VOLUNTEERS have practised the craft of hedge-laying, as part of a drive to keep traditional country skills alive and encourage wildlife in urban areas.
Thirteen residents have spent three days being taught the centuries old technique by a North Yorkshire County Council countryside rangers and have laid more than 100 metres of hedge at Omega Pond, Thurston Road, Northallerton.
The craft was originially developed to keep farm animals within fields and prolong their lifespan.
It has become less common since the Second World War due to changes in farming methods, but the council is promoting hedge-laying’s benefits for wildlife, as it rejuvenates hedgerows, creating more shelter and food for birds, mammals and insects.

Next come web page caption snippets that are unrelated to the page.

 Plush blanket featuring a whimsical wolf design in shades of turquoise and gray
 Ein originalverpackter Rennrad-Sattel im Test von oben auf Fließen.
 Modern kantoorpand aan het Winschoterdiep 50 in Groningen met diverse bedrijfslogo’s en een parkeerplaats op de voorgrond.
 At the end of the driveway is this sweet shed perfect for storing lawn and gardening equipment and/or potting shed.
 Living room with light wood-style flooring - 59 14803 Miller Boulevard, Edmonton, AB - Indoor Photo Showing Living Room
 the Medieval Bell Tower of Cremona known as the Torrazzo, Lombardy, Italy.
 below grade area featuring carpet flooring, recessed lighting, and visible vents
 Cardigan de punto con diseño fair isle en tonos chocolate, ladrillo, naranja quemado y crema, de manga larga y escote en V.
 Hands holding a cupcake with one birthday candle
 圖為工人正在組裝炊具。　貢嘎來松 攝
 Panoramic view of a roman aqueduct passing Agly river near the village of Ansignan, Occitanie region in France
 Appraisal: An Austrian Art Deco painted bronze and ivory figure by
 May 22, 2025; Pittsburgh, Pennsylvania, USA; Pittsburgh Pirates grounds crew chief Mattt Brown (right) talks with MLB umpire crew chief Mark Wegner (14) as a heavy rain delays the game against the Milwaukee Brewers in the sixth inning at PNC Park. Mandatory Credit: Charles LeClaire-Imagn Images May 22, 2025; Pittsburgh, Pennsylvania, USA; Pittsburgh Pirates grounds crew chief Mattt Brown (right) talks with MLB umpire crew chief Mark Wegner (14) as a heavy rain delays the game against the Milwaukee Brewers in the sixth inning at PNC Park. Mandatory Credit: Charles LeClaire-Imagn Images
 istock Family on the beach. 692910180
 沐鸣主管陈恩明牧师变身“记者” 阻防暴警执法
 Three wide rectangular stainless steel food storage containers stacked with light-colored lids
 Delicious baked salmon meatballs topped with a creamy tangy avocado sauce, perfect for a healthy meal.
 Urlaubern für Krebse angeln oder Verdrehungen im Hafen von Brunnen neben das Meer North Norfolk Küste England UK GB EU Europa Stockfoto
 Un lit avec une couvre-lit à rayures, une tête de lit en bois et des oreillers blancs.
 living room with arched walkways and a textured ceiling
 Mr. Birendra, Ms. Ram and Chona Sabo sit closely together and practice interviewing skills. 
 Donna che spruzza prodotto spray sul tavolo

The scheme follows a volunteer day in October at the Hambleton District Council-owned site, during which wildflower areas were created around the pond, and is part of a project to encourage more wildlife into the green spaces of the town.
The work on the site supports the Northallerton Environment Enhancement Initiative, which aims to enhance areas of abandoned and neglected land in and around the town for people and wildlife, and identify ways for locals to get involved.
Richard Furness, of Northallerton Blooming Together, has also sourced, planted and distributed more than 1,000 native bluebell bulbs within the town for local planting in support of the RHS Britain in Bloom competition.